Per l'attore, 60 anni, papà Antonio era «un inglese nato a Napoli. Nel senso che era tremendamente innamorato della sua terra e insieme un rappresentante atipico della napoletanità. Eleganza e leggerezza, capacità espressiva e misura. Ma misura nel senso migliore, quando recitava non si risparmiava: eppure rendeva i personaggi con poco, come i grandi chef che propongono pochi sapori ma valorizzati al massimo». 

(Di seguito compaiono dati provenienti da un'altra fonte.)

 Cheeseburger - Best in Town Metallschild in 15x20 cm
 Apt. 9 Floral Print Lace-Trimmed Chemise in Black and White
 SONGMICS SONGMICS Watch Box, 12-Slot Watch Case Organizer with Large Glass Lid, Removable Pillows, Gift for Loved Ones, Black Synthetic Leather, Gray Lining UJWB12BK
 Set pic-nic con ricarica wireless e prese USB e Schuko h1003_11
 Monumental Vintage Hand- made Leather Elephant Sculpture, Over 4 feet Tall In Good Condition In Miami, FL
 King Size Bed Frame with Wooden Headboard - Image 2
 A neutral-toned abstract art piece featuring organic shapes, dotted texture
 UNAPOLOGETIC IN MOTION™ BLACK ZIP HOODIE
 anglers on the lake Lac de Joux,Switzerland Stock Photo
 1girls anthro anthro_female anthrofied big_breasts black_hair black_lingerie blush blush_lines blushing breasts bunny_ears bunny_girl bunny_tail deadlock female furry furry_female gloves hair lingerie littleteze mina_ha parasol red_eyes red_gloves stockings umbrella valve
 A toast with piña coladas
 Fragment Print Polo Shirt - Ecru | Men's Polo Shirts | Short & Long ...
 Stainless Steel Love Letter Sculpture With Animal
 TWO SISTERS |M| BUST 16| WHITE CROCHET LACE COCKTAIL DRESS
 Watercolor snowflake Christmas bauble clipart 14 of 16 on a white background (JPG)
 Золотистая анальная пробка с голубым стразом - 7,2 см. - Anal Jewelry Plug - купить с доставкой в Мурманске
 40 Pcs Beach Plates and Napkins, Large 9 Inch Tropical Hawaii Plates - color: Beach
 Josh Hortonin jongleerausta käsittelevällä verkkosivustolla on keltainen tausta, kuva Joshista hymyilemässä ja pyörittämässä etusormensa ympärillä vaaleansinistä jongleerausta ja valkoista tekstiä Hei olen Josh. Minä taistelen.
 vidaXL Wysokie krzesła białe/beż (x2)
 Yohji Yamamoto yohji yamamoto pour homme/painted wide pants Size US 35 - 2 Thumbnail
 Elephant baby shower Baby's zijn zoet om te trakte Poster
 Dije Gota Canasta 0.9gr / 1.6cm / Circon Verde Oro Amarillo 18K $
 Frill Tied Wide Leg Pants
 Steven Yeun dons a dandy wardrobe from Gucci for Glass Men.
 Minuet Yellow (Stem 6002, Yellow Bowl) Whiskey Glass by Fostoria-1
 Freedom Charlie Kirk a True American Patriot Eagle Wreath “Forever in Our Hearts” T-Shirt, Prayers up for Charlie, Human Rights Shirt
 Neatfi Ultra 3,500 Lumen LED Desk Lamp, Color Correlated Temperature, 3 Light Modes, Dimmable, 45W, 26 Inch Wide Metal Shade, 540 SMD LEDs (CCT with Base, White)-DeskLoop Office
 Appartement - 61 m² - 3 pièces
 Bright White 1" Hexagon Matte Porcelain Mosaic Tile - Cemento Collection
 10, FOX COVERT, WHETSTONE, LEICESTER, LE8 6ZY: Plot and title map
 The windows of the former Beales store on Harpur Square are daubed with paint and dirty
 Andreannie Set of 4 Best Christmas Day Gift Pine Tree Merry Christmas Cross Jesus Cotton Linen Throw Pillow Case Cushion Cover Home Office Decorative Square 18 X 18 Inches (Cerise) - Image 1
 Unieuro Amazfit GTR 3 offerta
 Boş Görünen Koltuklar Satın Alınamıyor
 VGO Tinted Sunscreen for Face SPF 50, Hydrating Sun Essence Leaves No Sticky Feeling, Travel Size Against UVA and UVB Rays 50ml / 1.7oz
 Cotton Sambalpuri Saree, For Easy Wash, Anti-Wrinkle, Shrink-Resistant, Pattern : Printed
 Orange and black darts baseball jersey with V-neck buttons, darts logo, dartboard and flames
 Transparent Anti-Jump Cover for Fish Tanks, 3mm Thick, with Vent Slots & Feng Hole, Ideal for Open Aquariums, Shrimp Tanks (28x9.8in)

Un ricordo, tra i tanti, dell'attore teatrale.
«Ero perdutamente innamorato dei suoi recital vivianei dei primi anni '70. Ero un ragazzino, non sapevo valutare criticamente la sua grandezza ma mi arrivava istintivamente. Dopo, da attore, sono riuscito a leggere meglio quelle capacità e ho capito che l'istinto aveva ragione».

Nel cinema?
«C'è un film, La ragazza del bersagliere, che girò poco, apparteneva al filone della commedia sexy senza essere volgare: la protagonista non si spogliava e per questo ebbe poca fortuna. Era un Ghost ante litteram, il bersagliere moriva la prima di notte di nozze prima di consumare, ma poi tornava a farsi sentire dalla sposa. Papà era il protagonista, recitò con una dolcezza e una comicità fantastiche, oltre che con una bellezza unica. Era bellissimo».

Pesò, nel vostro rapporto, il fatto che facevate lo stesso mestiere?
«No, io ho cercato di non somigliargli. Se giochi a calcio e vuoi essere Maradona fai solo una figuraccia. Ma conservo una lettera in cui rivela la sua stima per me: ero giovanissimo, frequentavo la sua accademia e lo vedevo sempre abbastanza freddo nei miei confronti. Mai un elogio, mai una critica. Poi mi scrisse che mi trovava più bravo di lui alla sua età, e che pur se considerava il nostro un lavoro molto difficile non mi avrebbe fermato, dato che ero tanto capace. Avere la stima di chi ho stimato è stato un regalo della vita».

E negli ultimi tempi?
«Quando ero a Made in Sud mi chiamava il giorno dopo, a 90 anni passati, recensemdo i momenti migliori e peggiori dello spettacolo».

Eduardo è stato il suo faro.
«Enrico Maria Salerno stava preparando Questi fantasmi in italiano e per il ruolo del portiere voleva un napoletano che potesse rendere il personaggio senza troppa cadenza; chiese consigli a De Filippo e lui non ebbe dubbi: E chi l'adda fa'? Casagrande, disse il grande drammaturgo».

La sua città lo ha celebrato nel 2016 con una medaglia del Comune e con una serata in suo onore al Diana nel 2019. Ma, diceva prima, non abbastanza secondo lei. È stato davvero un artista incompreso, sottovalutato?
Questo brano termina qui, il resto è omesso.